Question de M. GROSVALET Philippe (Loire-Atlantique - RDSE) publiée le 12/06/2025

Question posée en séance publique le 11/06/2025

M. le président. La parole est à M. Philippe Grosvalet, pour le groupe du Rassemblement Démocratique et Social Européen. (Applaudissements sur les travées du groupe RDSE.)

M. Philippe Grosvalet. Monsieur le ministre de l'économie, des finances et de la souveraineté industrielle et numérique, la semaine dernière, lorsque vous étiez auditionné par la commission des affaires économiques, je vous interrogeais sur la proposition de loi instaurant un impôt plancher de 2 % sur le patrimoine des ultrariches. C'est demain que nous examinerons ce texte, qui concerne celles et ceux qui possèdent un patrimoine supérieur à 100 millions d'euros.
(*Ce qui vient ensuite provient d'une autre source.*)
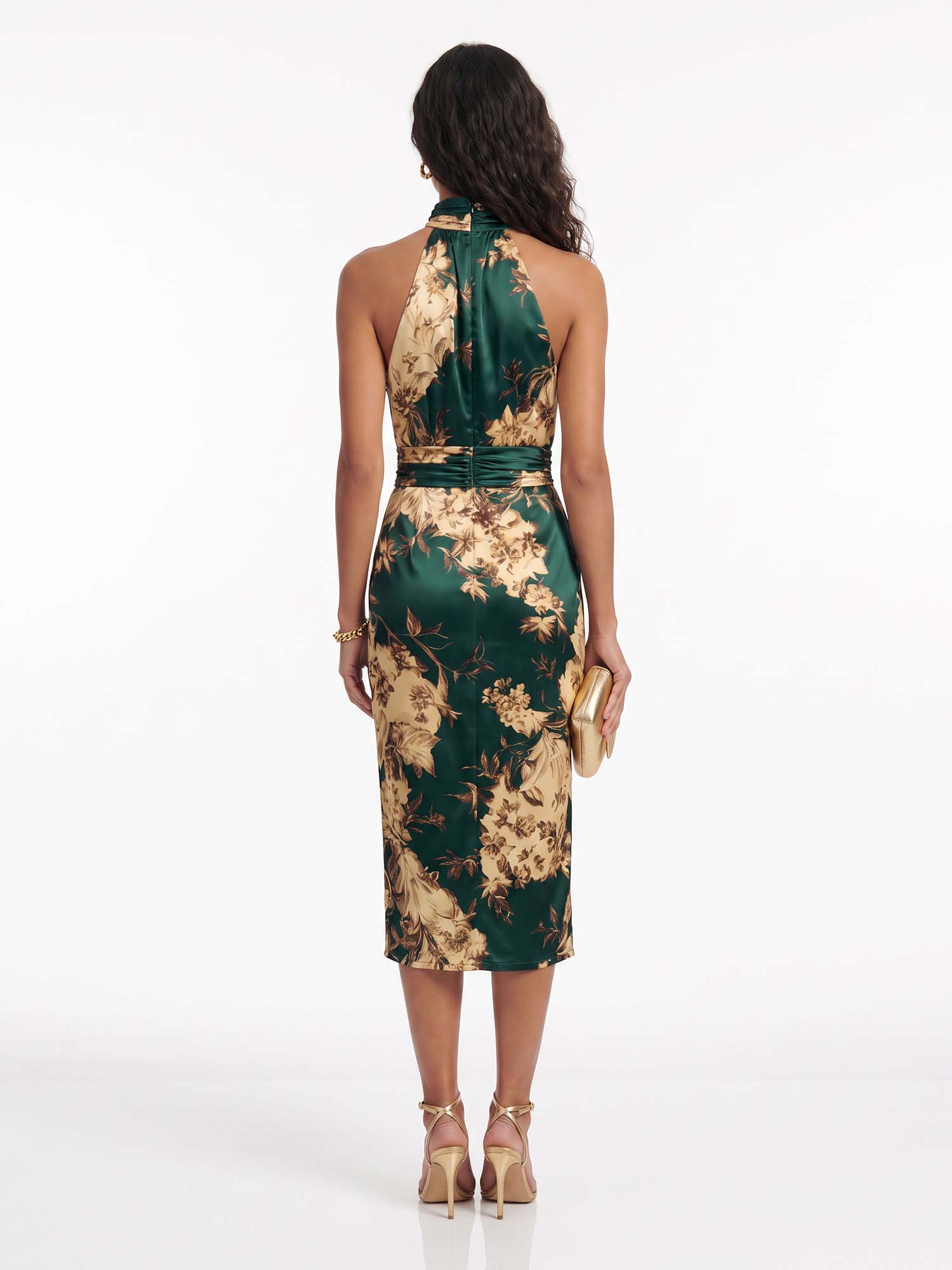 Bloom Halter Midi Dress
Selon les travaux de Gabriel Zucman, que vous qualifiez vous-même de « brillant économiste », ces immenses fortunes échappent au caractère progressif de l'impôt sur le revenu. Vous m'aviez alors répondu, entre autres, craindre l'exil fiscal, relayant ainsi un sempiternel refrain que réfutent pourtant un ensemble d'études scientifiques, à l'instar de la tribune, publiée ce matin même dans Le Monde, cosignée par Gabriel Zucman, Olivier Blanchard et Jean Pisani-Ferry.
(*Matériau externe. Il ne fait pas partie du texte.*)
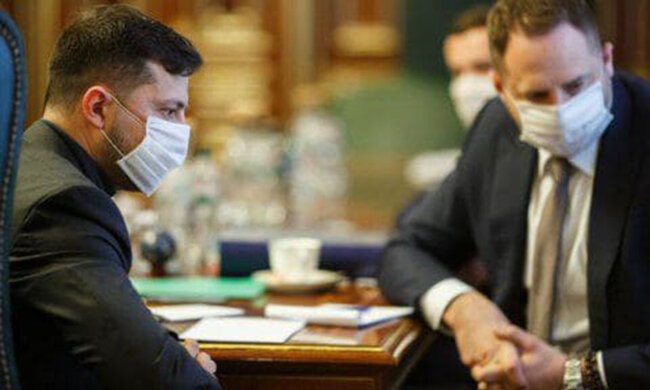 Володимир Зеленський та Андрій Єрмак \\ фото ЛБ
Je pense, au contraire, qu'une telle imposition serait l'occasion, pour ces très grandes fortunes, de faire valoir très concrètement leur fibre patriotique. (Applaudissements sur les travées du groupe SER. - Mme Nathalie Goulet applaudit également.)

Monsieur le ministre, mes chers collègues, comment expliquerons-nous aux près de 40 millions de foyers fiscaux français que les 0,005 % des contribuables les plus fortunés seraient exemptés de l'effort demandé à la Nation ? Comment leur expliquerez-vous que vous vous apprêtez à mettre en oeuvre la TVA dite sociale tout en nous privant d'un potentiel de recettes de 20 milliards d'euros ? (Bravo ! et applaudissements sur les travées du groupe RDSE et sur des travées des groupes GEST, SER et CRCE-K. - M. Franck Dhersin et Mme Isabelle Florennes applaudissent également.)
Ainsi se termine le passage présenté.